What about a more modest intervention that might help people better connect to grocery stores where they already exist?

"I wanted to look at food access at a site scale, try to really understand it, maybe find a solution that’s feasible because there are so many non-feasible solutions," says Langley Erickson, a senior undergraduate city planning student at The Ohio State University. He designed this grocery bin that could be mounted onto the front of buses in Columbus or elsewhere:

If you look at a map of some of the most under-served zip codes in Columbus – where poverty rates are high and car ownership is low – it turns out that Central Ohio Transit Authority bus stops pretty neatly line up with grocery and corner stores. As we've previously written, we tend to define food deserts as if they existed in a world without transportation. But cars and transit networks can play a significant role in connecting people to full-service grocery stores even if none exist within walking distance.

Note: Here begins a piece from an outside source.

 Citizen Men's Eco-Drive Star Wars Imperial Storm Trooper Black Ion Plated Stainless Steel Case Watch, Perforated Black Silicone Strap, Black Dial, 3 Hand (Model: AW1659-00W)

This map of an East Columbus neighborhood, where 40 percent of households have no access to a car, suggests that the city's bus network might be better leveraged to connect people and food.

Langley Erickson

COTA already offers a similar service with a front-mounted bike rack. "I was watching people use the bus," Erickson says. "I figured if there’s a way people can bike on the bus, and still use the bus, why not give them the opportunity to store their goods?"

He modeled his design off the largest cooler he could find on the market, available from Yeti for about $1,300. He figures that grocery stores might be willing to invest in the bins to save on another sizable cost: the theft of grocery carts.

"That’s expensive in the cooler world, but that’s less than the cost of five grocery carts," Erickson says. One grocery cart generally runs about $300. And tens of millions of dollars worth of grocery carts are taken from stores in U.S. every year and never returned. "If you consider it like that," Erickson says of his proposal, "it doesn’t seem like quite as much. And as far as street infrastructure goes, that’s pretty cheap."

His model could likely hold the groceries of only three or four riders at a time. But that would be a start. And the greatest value of the bus food bin might be in its message: Bolt one of these things onto a public bus in any city, and it instantly conveys that transit agencies are invested in the problem of food access. That message would be a lot clearer than the ambiguous sign that's currently posted inside most buses: "No Food, No Drink, No Radio."